▶ [Exercise aim]:
From the line containing "4th image of 7523 175th St APT 731" to the last line of the listing, both included, copy every line exactly and drop the pictures.

▶ [Supplied information]:

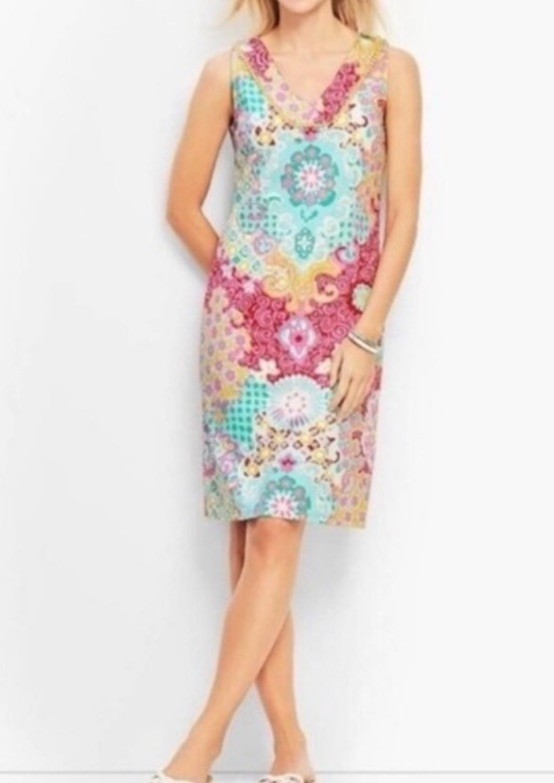 Talbots Medallion Interlock Shift Dress M Colorful Floral Sleeveless Summer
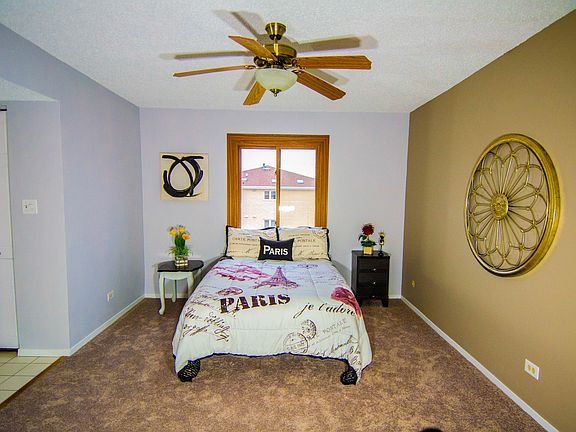 4th image of 7523 175th St APT 731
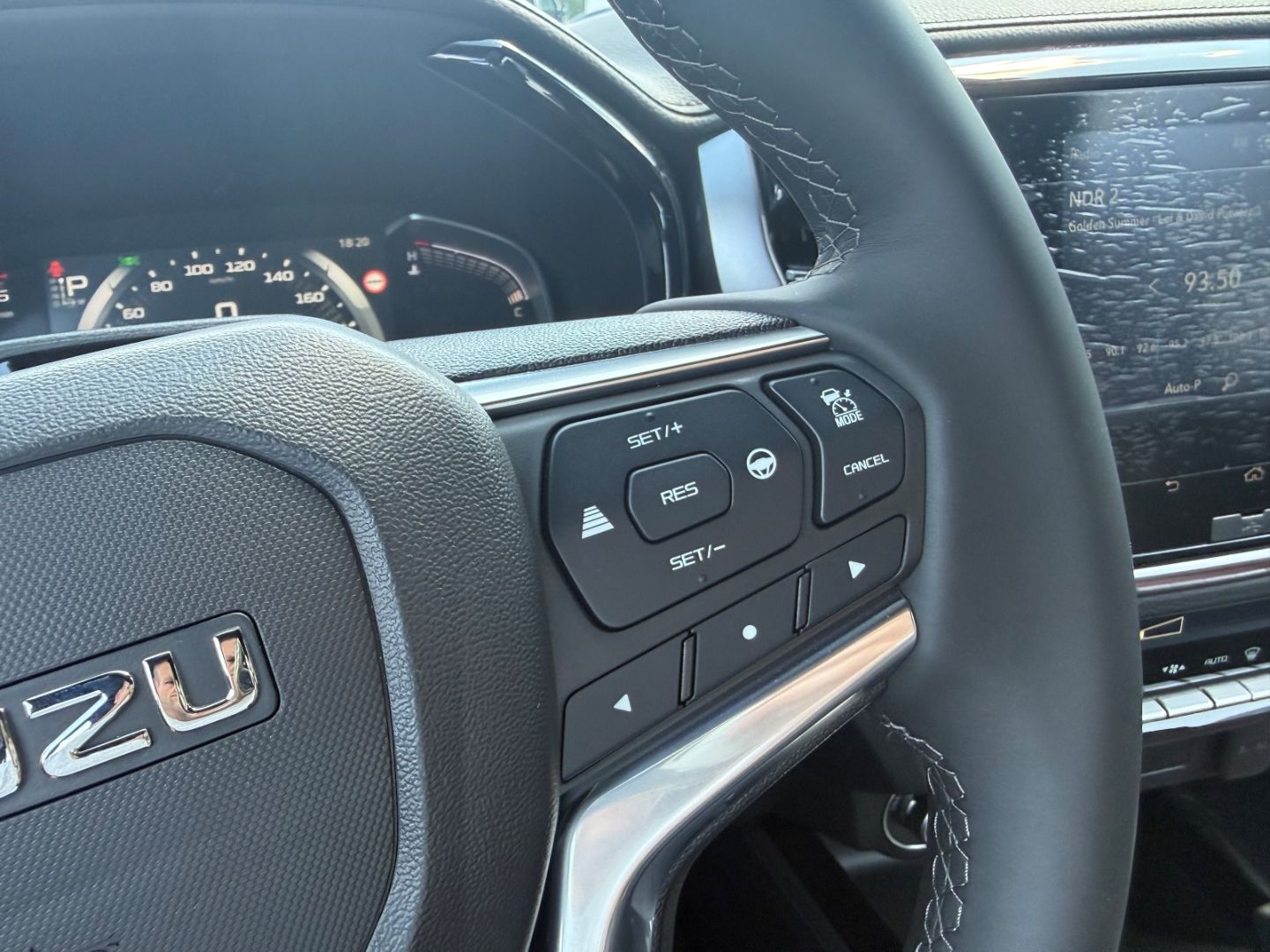 Fahrzeugabbildung Isuzu D-Max Double Cab 2.2 Turbo 4WD LSE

▶ [Written solution]:
 4th image of 7523 175th St APT 731
 Fahrzeugabbildung Isuzu D-Max Double Cab 2.2 Turbo 4WD LSE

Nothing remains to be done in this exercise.